EXERCISE INSTRUCTIONS: Transcribe only part of the material below: the lines from the one containing "Pseudolithos caput-viperae" through the one containing "Peixe-p. *L. | Triggerfish", inclusive, exactly as written.

PROVIDED DATA:
------------------------------------------------------------------------

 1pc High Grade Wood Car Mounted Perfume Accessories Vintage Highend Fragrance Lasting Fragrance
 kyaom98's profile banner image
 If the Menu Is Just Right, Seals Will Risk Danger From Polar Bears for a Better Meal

------------------------------------------------------------------------

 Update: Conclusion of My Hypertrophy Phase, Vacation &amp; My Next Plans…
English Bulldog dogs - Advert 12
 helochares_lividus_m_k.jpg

------------------------------------------------------------------------

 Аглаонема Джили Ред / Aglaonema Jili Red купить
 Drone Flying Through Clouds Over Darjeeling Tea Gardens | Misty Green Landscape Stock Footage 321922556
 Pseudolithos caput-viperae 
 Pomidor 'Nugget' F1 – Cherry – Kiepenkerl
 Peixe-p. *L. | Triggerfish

------------------------------------------------------------------------

YOUR SOLUTION:
 Pseudolithos caput-viperae 
 Pomidor 'Nugget' F1 – Cherry – Kiepenkerl
 Peixe-p. *L. | Triggerfish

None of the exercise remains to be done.